8-8-17 5:44 AM EDT | Email Article
By Kelsey Gee | Photographs by Jason Henry for The Wall Street Journal 

Uber Technologies Inc., Instacart and other gig-economy companies are straining to attract and keep the short-term laborers who give rides, shop for groceries and deliver meals at the tap of an app.

Amid low unemployment and fierce competition, startups have begun offering richer perks, benefits and signing bonuses to lure on-demand workers to sign up for, and stay with, their platforms. Companies have beefed up recruiting, even touting the opportunity to join the staff full time -- a sign that maintaining a steady labor pool is growing expensive and difficult.

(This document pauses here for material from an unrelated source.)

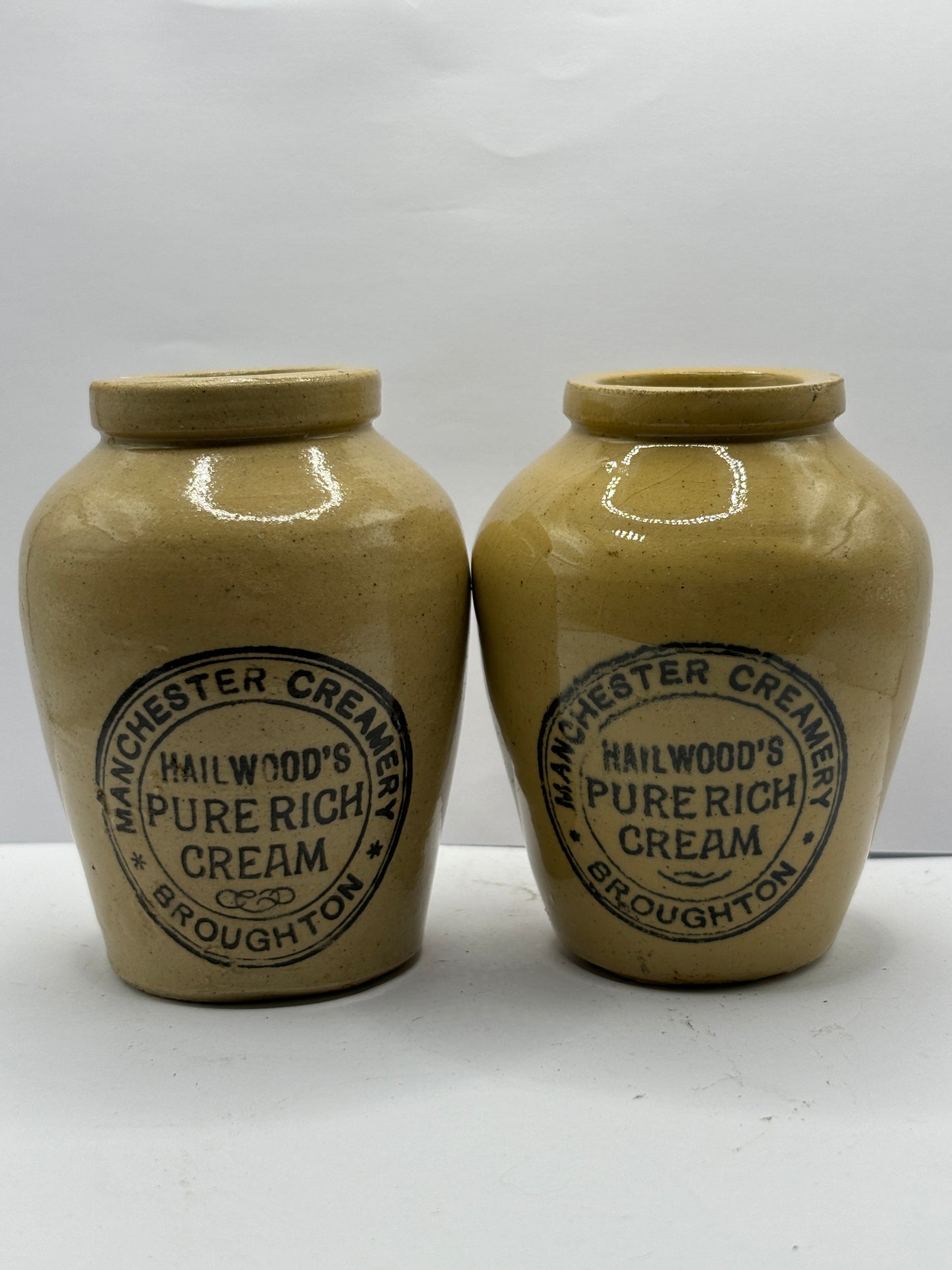 2 advertising cream pots, Hailwoods pure rich cream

"Founders know that showing these workers they can earn a stable living with some predictability in pay and hours is one major way to compete," said Roy Bahat, head of venture fund Bloomberg Beta, a unit of Bloomberg L.P. that invests in startups like job-listing platform Textio Inc.

The so-called gig economy, which is composed of part-time and freelance jobs, came on the heels of the Great Recession when high unemployment and stagnant wages made short-term workers relatively easy to find.

Today, the pool of these workers remains significant -- a 2016 McKinsey Global Institute report found that roughly 4 percent of the U.S. workforce has earned money using apps and platforms in the gig economy, while some economists peg the total closer to 1 percent, or 1.5 million Americans. But the gig economy is under pressure from a stronger labor market and some workers souring on piecemeal jobs, investors say.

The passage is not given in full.